____ Data to use

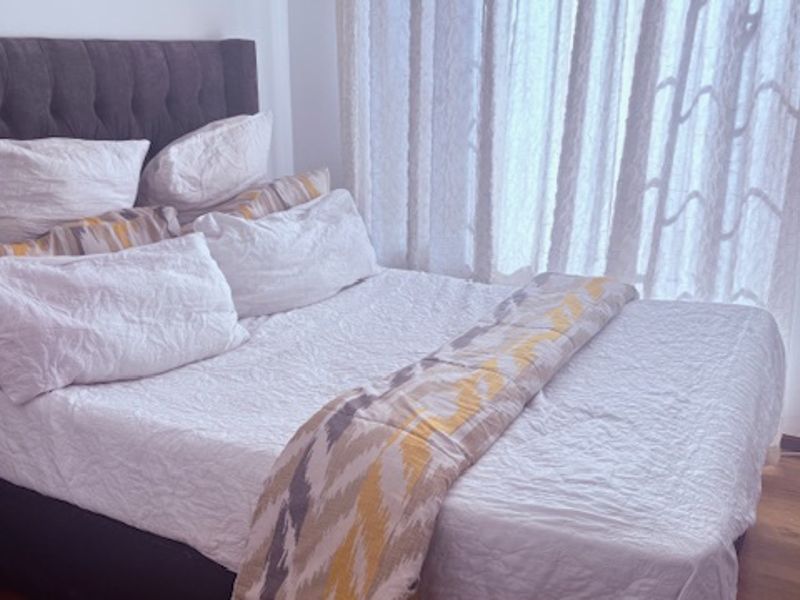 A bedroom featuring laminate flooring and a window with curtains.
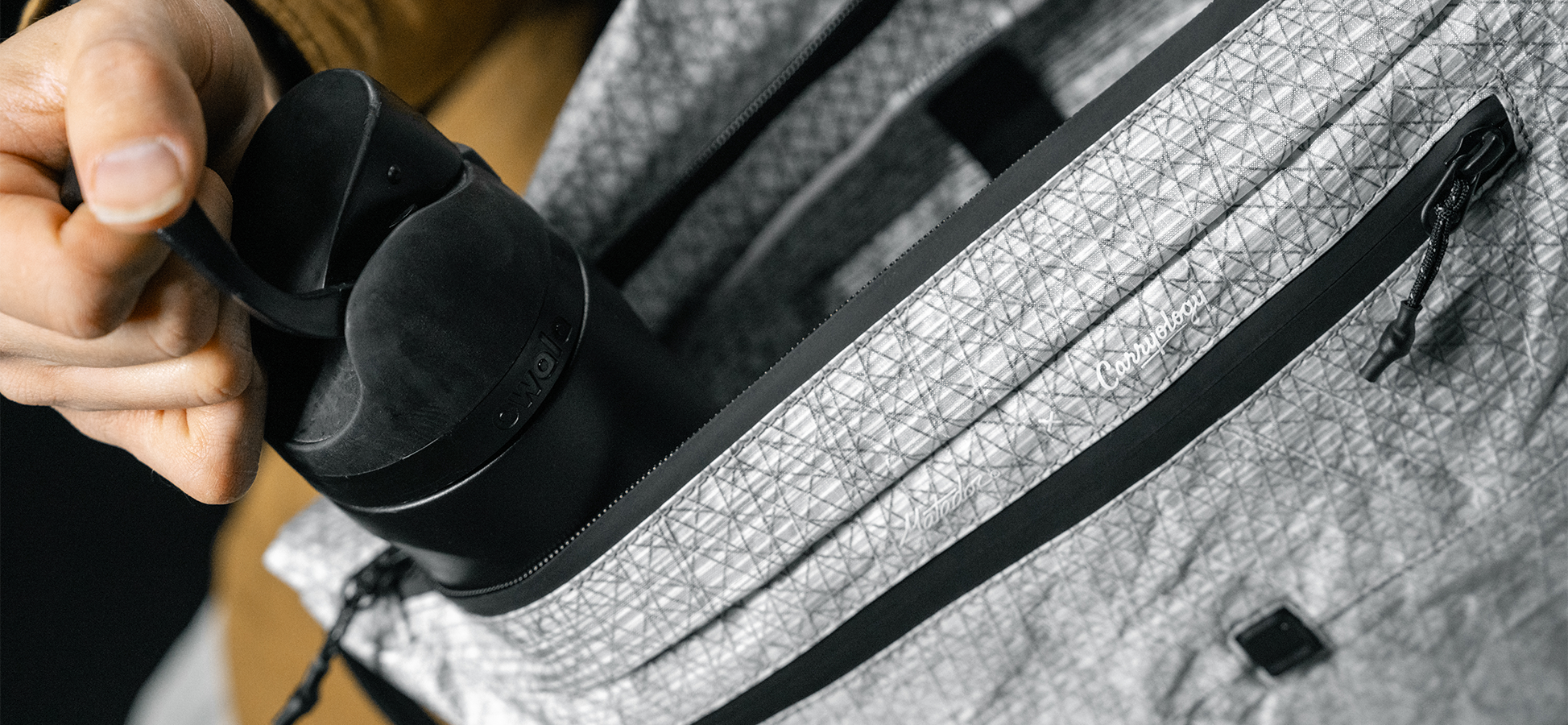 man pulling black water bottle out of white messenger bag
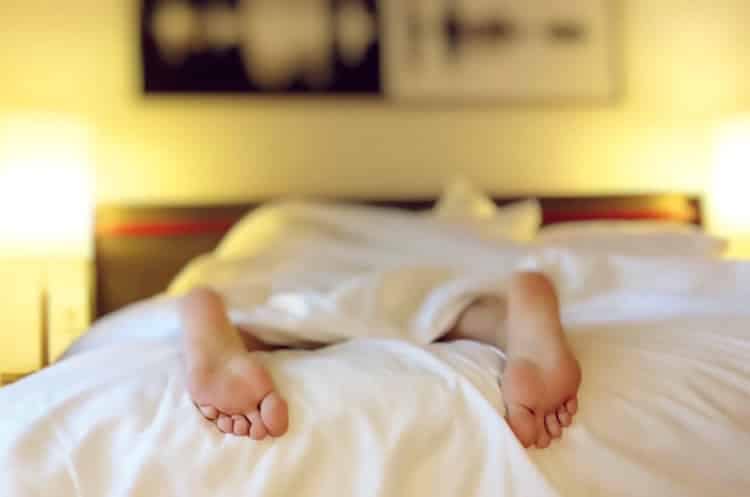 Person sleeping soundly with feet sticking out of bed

________
____ Data to use

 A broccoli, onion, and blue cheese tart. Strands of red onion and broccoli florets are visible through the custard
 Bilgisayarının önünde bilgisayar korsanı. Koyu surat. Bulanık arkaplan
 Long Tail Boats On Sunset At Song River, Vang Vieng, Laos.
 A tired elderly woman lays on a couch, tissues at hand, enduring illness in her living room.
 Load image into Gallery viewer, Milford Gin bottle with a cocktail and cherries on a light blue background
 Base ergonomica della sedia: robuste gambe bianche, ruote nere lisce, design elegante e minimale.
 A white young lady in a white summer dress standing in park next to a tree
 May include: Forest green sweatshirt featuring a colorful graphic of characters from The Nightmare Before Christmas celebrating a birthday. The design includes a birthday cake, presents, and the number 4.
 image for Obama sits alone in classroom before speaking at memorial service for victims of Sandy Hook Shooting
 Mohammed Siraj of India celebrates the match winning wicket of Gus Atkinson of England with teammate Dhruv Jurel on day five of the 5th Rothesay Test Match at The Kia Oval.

________

About this task: Everything above from the line containing "Load image into" through the line containing "Mohammed Siraj of" must be copied exactly. Nothing outside that range belongs in the answer.

Solution to this exercise:
 Load image into Gallery viewer, Milford Gin bottle with a cocktail and cherries on a light blue background
 Base ergonomica della sedia: robuste gambe bianche, ruote nere lisce, design elegante e minimale.
 A white young lady in a white summer dress standing in park next to a tree
 May include: Forest green sweatshirt featuring a colorful graphic of characters from The Nightmare Before Christmas celebrating a birthday. The design includes a birthday cake, presents, and the number 4.
 image for Obama sits alone in classroom before speaking at memorial service for victims of Sandy Hook Shooting
 Mohammed Siraj of India celebrates the match winning wicket of Gus Atkinson of England with teammate Dhruv Jurel on day five of the 5th Rothesay Test Match at The Kia Oval.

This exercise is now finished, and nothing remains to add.